Porém, nem todos os vinhedos foram divididos ou permaneceram fragmentados até hoje. Algumas famílias ou produtores mais tradicionais e/ou de maiores posses acabaram consolidando algumas áreas. Assim, existem vinhedos que atualmente tem sua área integral de posse de apenas um proprietário. Eles são chamados de monopole.    

Palavra com usos distintos

Embora tenha um sentido bastante específico quando falamos de vinhos, a expressão monopole tem outros significados distintos. Ela deriva de duas palavras gregas: monos, que significa único e poleo, que pode ser traduzida como vender, comerciar ou negociar. Assim, de forma geral (inclusive na sua versão em português – monopólio) se refere à venda de uma mercadoria por parte de um único fabricante ou vendedor.

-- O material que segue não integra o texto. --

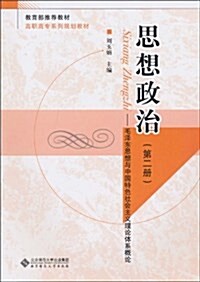 思想政治:毛澤東思想與中國特色社會主義理論體系槪論(第2冊) (平裝, 第1版)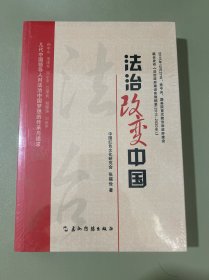 法治改变中国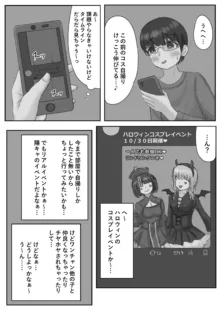 バニー女装男子がサキュバスコスのふたなり達にマゾオナホにされちゃう話, 日本語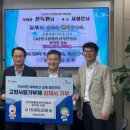 한국석면환경협회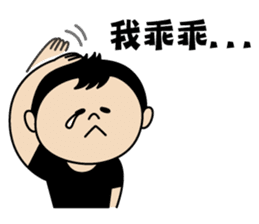 The whole city is friend of Zhuzhu girl. sticker #12771503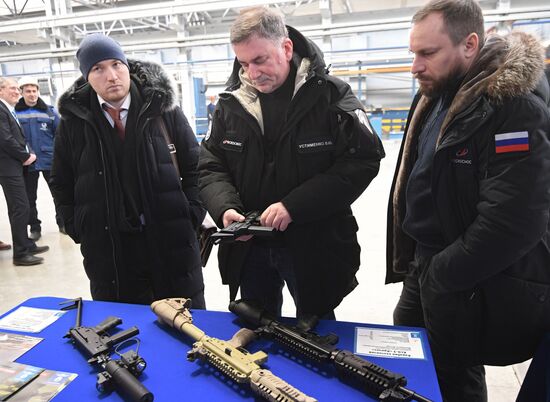 Златоустовский машиностроительный завод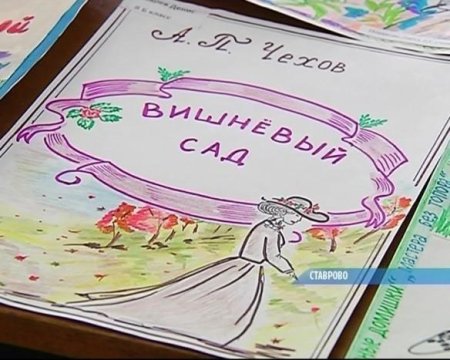 Гримуар чёрный Клевер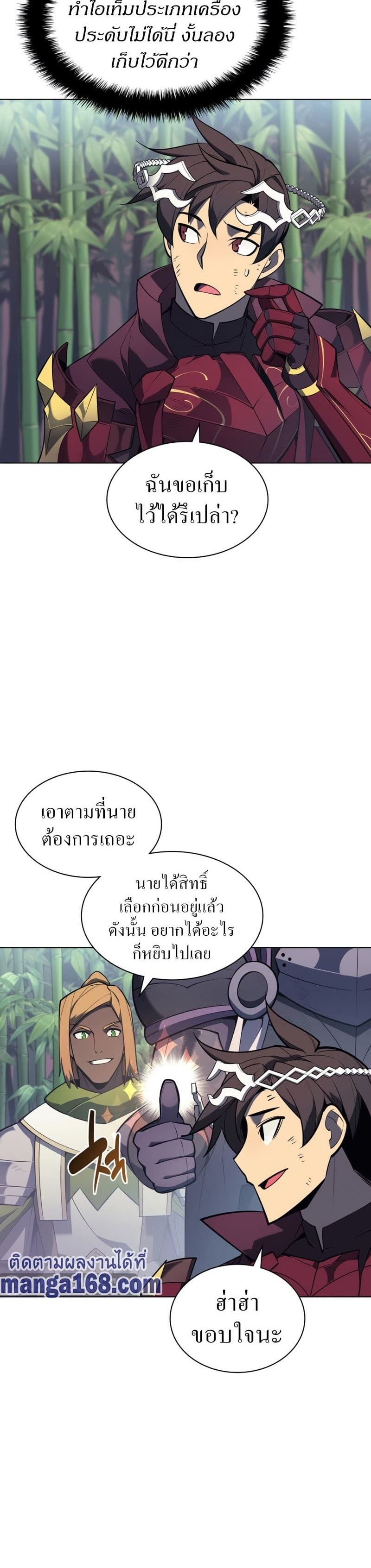 Overgeared (Remake) ตอนที่ 122 9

No idioma francês, a palavra monopole tem o mesmo sentido, porém ganha um significado extra quando aplicada ao mundo do vinho. E o termo acabou se espalhando pelo mundo, embora seja ainda muito mais utilizado no que refere a vinhedos borgonheses. Isso ocorre principalmente porque a importância do vinhedo é mais óbvia na Borgonha. Ela serve, inclusive, como base para o sistema de hierarquização de áreas de produção de vinhos.

Monopoles famosos

É na França, mais especificamente na Borgonha, que se encontram alguns dos monopoles mais famosos do mundo. Sem dúvida, o mais conhecido é Romanée-Conti, que dá nome tanto a um vinhedo como a uma denominação de origem Grand Cru. Sua área, de 1,81 hectare, é de posse integral da Domaine de la Romanée-Conti. E este não é o único monopole Grand Cru de posse desta icônica vinícola, que também é proprietária única do vinhedo La Tâche.

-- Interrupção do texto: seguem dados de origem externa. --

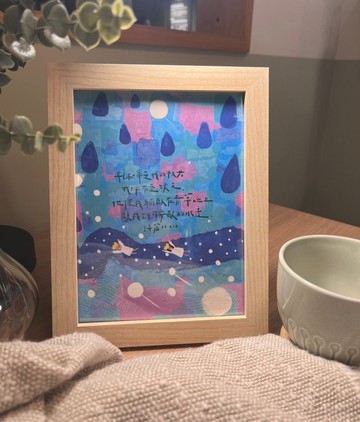 裝飾掛畫含框 - 【可安歇的水邊】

Juntamente com estes dois monopoles, existem outros dois vinhedos Grand Cru de posse um único dono em Vosne-Romanée. São eles La Romanée (que tem a Domaine du Comte Liger-Belair como proprietário) e La Grande Rue, de posse da Domaine François Lamarche. Assim, dos oito climats Grand Cru deste vilarejo francês, quatro são monopoles.   

Mantendo foco somente em vinhedos Grand Cru, existem diversos outros exemplos na Borgonha. Sediado em Morey-Saint-Denis, o Clos de Tart é o único proprietário do vinhedo de mesmo nome, também uma denominação de origem Grand Cru. Existem outros exemplos de monopoles Grand Cru, embora nestes casos os proprietários sejam donos únicos de lieux-dits, mas não da denominação de origem completa.  São os casos de La Moutonne, de posse da Domaine Long Depaquit em Chablis, do Clos de Ruchottes (Domaine Armand Rousseau, em Gevrey-Chambertin, Corton Clos des Marechaudes (Albert Bichot) e Corton Clos des Cortons Faiveley (Faiveley), ambos em Aloxe-Corton.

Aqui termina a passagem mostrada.